Admiral Byrd's Discoveries 

If there has one man, one adventurer who fired the imagination about the possibility of finding the entrance to a hollow Earth, it was Richard Byrd–Hollow Earth explorer extraordinaire.

 

His findings were hardly calculated to bring cheer to die-hard hollow-earthers. Byrd reported that he flew an enormous triangle around the South Pole and, “surveyed nearly 10,000 square miles of the country around and beyond the pole” and found nothing.

 

“Although it is somewhat disappointing to report,” he wrote,

 

“There was no observable feature of any significance beyond the pole. There was only the rolling white desert from horizon to horizon.”

 

Elsewhere on the continent, the landscape appeared more varied.
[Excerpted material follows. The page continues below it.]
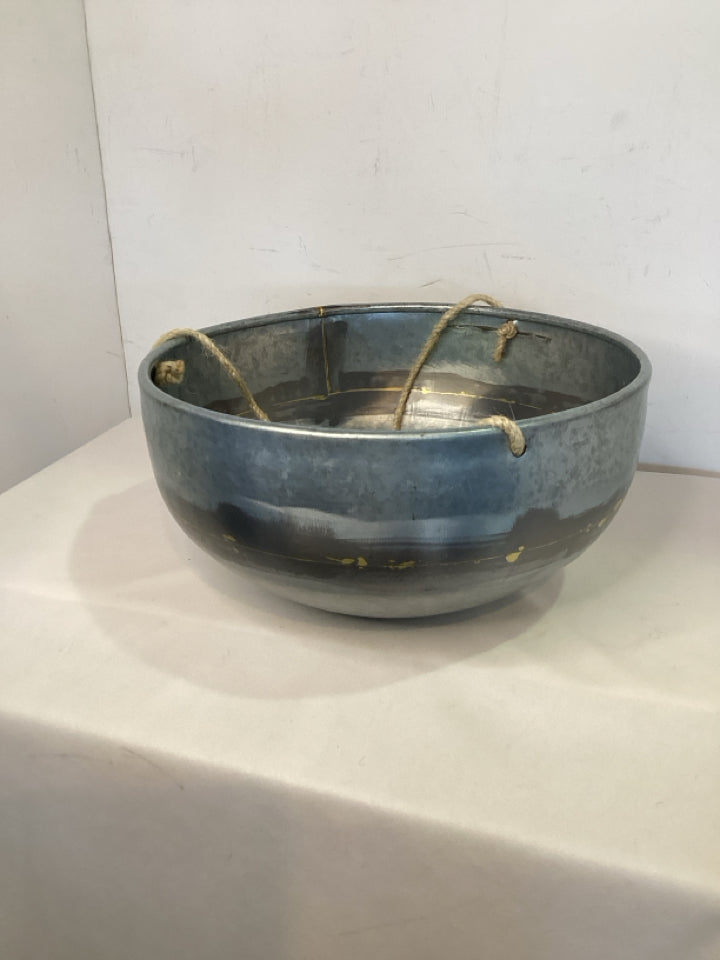 Hanging Silver Metal Planter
Byrd found jagged mountains of coal black and brick red, where ice-covered rocks reflected the sun

 

“In an indescribable complex of colors, blends of blues, purple, and greens such as man seldom has seen before.”

 

Greatly impressed by this natural beauty, Byrd became almost lyrical:

 

“At the bottom of this planet lies an enchanted continent in the sky. Sinister and beautiful, she lies in her frozen slumber, her billowy white robes of snow weirdly luminous with amethysts and emeralds of ice.”

 

Byrd’s discoveries did little to end speculations about a hollow earth, open at the poles; on the contrary, believers were stimulated to new heights of endeavor-and confusion over dates and places-to discredit Byrd’s reports.